Meet the fashion anthropologist with the minimalist yet edgy style
Photography: Anthony Bila
With a Masters degree in Fashion Studies from Parsons School of Design, 25-year-old fashion anthropologist and blogger Kenny Morifi-Winslow understands culture and society through design, specialising in the crossover between fashion and art. As a new contributor on The Way of Us, we thought we'd get to know our Johannesburg correspondent a little better by asking her five quick fashion questions.
When did you first become conscious of your style?
I was a pretty precocious kid. I have pictures of myself in pleather wedge mules and a two piece purple velvet long sleeve suit at the age of about 6, so I think fashion has always been the primary medium through which I’ve expressed myself growing up. I think I became really conscious of what style meant, however, in my early teens, when subcultures defined who we were as people, and fashion became a huge part of that.
What are your hopes for the local fashion industry/scene? or What do you think is lacking in the South African fashion industry right now?
I think what’s lacking is critical engagement with the design industry as a whole. We aren’t asking enough questions, poking enough holes, challenging what we know. This makes me hopeful for the growth of the industry, however, because it means we can evolve while avoiding some of the mistakes more developed markets have made. For example, the cause closest to my heart is ethical production and sustainable design. We are uniquely positioned as a burgeoning market, to integrate those concepts into the industry before it grows too big to change.
What have been your biggest most embarrassing fashion faux pas?
I’m not really embarrassed about the fashion mistakes I’ve made. I think they reflect an evolution, a growth from one kind of person to another; it’s quite a laugh to look back on.
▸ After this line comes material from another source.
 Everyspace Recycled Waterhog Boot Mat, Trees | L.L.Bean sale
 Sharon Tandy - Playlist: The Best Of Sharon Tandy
But I went through a fedora phase at about age 11, and I am mortified by how much evidence there is of that!
Which fashion trends are you loving and hating right now?
I’m not really much of a trend follower, my wardrobe is pretty classic and I prefer it that way, trends just become reference points for interesting ways to update the style I’ve already settled on. I’m loving the return to mules and slides, and statement earrings have always been a passion of mine, so I’m glad those too are getting more attention. As for the comeback Teva velcro sandal is making, it’s an absolute no from me. Birkenstocks I can get behind, but Teva’s just reminds me of being at kindergarten.
If you could choose one decade to live in based on its fashion, which one would it be?
I would have loved to live in 1960’s New York, when minimalism in art really hit the big time, shoving people like Frank Stella into the hot seat. Japanese culture heavily influenced the way minimalism was interpreted into space and place, and all of those changes in thinking are visible in the evolution of the way people dressed in that particular time, in that particular place.